From the entries below, copy every line that holds the word "with".

(Dataset excerpts)
::::
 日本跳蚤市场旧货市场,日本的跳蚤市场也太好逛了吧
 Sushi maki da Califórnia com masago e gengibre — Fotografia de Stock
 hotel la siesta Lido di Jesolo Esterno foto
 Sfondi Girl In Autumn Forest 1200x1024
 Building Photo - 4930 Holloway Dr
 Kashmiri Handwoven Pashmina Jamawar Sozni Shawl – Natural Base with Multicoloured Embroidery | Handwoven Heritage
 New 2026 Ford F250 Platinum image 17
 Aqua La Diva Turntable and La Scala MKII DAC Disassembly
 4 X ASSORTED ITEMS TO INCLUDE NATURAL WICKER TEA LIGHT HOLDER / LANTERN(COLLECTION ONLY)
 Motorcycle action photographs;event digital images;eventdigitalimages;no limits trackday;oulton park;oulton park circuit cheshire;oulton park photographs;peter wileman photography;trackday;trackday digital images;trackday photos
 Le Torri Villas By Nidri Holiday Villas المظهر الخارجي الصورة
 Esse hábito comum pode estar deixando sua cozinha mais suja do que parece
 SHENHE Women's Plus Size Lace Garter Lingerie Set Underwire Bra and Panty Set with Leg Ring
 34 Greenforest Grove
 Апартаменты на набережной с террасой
::::
* Exercise result *
 Kashmiri Handwoven Pashmina Jamawar Sozni Shawl – Natural Base with Multicoloured Embroidery | Handwoven Heritage
 SHENHE Women's Plus Size Lace Garter Lingerie Set Underwire Bra and Panty Set with Leg Ring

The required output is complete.